An email came through my inbox today from a colleague whose company is hiring. It said <Company> is looking for a passionate online marketer who has experience in web content creation, website development and social media. This person will help create and deliver a total marketing solution – combining web, social media, and SEO strategies – in a personalized client experience. (The bold is my addition.)

See, now this is the issue. An online-only marketing plan is NOT a total marketing solution and the companies and business people who believe it is may make some money in the short run, but they’re not going to build the relationships necessary to be around for the long term. You must connect with your target market and customers on a more human level. There’s no way around this requirement.
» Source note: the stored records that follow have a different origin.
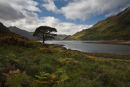 Upper Loch Hourn, Knoydart Peninsular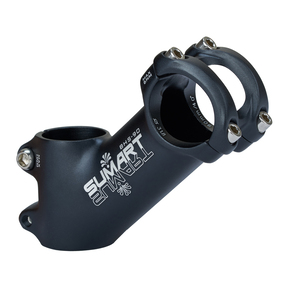 Nunc congue dui nec...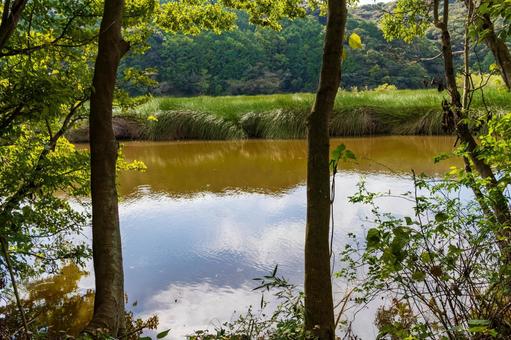 静岡県磐田市の鶴ケ池　10月秋の池の景色 日本,静岡県,磐田市の写真素材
It’s why companies such as Zappos, with missions of “providing the best customer service possible” have human customer service reps you can call instead of only allowing you to order online. It’s why they have such rabid fans.

Humans are wired to connect kinesthetically and interpersonally. That hasn’t changed in the past 20, 300 or 5,000 years. Yes, you can and should have online and electronic components to your marketing and sales plans. And for maximum success, you must incorporate traditional offline strategies as well. Pick up the phone. Send a note through snail mail. Have a package delivered.
Why do offline strategies seem so challenging? Is it because actually speaking to someone on the phone creates the opportunity to say something stupid or awkward or wrong? Is it because you are vulnerable to rejection? Sure, having someone say no to you directly might be harder to hear than not getting an email response back, but the upside is so much greater. You could engage in a dialogue – you know, where you ask questions, listen to the answers and offer relevant information based on those responses in real time!

Some offer the excuse that offline strategies are more expensive, given that sending something in physical form means you have to pay postage or shipping fees. Perhaps. What’s the value of the relationship to you? Is it a cost or an investment? Would you rather enjoy a delicious meal prepared by an incredible chef or just see a picture online? When you are tired of using electronic marketing as a shield, when you are ready (and hungry), you realize the importance of making a tangible connection to your clients.